--- REQUIRED ACTION ---
Within the records below, reproduce without change the lines from the line that has "f:id:chuggington-blog:20210902095444p:plain" through the line that has "Funko Pop Marilyn Monroe", and only those.

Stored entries
◆ ◆ ◆ ◆
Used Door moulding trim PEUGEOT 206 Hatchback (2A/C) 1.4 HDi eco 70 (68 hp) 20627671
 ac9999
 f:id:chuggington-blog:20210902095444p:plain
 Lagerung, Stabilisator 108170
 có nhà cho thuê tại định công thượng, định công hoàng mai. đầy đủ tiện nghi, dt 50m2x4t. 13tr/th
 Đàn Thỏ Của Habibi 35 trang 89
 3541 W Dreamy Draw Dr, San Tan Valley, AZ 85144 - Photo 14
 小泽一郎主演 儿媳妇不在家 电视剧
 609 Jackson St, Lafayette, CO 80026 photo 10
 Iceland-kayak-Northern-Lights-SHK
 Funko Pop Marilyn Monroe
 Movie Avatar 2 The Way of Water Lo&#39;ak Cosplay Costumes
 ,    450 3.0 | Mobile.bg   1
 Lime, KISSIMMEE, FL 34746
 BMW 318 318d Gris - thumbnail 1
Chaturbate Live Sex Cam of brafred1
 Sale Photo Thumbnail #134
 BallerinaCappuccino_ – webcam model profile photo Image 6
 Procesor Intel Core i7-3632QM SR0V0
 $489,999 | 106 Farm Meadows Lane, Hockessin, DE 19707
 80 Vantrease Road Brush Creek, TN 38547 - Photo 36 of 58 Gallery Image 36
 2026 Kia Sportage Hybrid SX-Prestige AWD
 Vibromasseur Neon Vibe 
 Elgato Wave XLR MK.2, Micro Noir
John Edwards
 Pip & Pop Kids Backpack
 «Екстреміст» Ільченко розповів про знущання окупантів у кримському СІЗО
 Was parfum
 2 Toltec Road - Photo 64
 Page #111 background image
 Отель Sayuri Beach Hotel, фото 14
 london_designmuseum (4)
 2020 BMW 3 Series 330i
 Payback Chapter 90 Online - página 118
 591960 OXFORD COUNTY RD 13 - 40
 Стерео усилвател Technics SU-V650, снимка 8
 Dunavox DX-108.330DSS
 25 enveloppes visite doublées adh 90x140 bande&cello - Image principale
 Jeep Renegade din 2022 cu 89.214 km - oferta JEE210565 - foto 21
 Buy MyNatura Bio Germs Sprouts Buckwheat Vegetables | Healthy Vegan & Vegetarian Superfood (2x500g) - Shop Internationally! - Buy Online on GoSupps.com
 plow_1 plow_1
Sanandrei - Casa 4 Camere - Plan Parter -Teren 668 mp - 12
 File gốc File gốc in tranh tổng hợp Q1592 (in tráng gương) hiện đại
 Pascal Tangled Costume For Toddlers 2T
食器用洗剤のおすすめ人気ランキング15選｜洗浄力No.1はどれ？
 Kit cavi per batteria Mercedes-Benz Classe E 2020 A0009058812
◆ ◆ ◆ ◆
--- ANSWER SECTION ---
 f:id:chuggington-blog:20210902095444p:plain
 Lagerung, Stabilisator 108170
 có nhà cho thuê tại định công thượng, định công hoàng mai. đầy đủ tiện nghi, dt 50m2x4t. 13tr/th
 Đàn Thỏ Của Habibi 35 trang 89
 3541 W Dreamy Draw Dr, San Tan Valley, AZ 85144 - Photo 14
 小泽一郎主演 儿媳妇不在家 电视剧
 609 Jackson St, Lafayette, CO 80026 photo 10
 Iceland-kayak-Northern-Lights-SHK
 Funko Pop Marilyn Monroe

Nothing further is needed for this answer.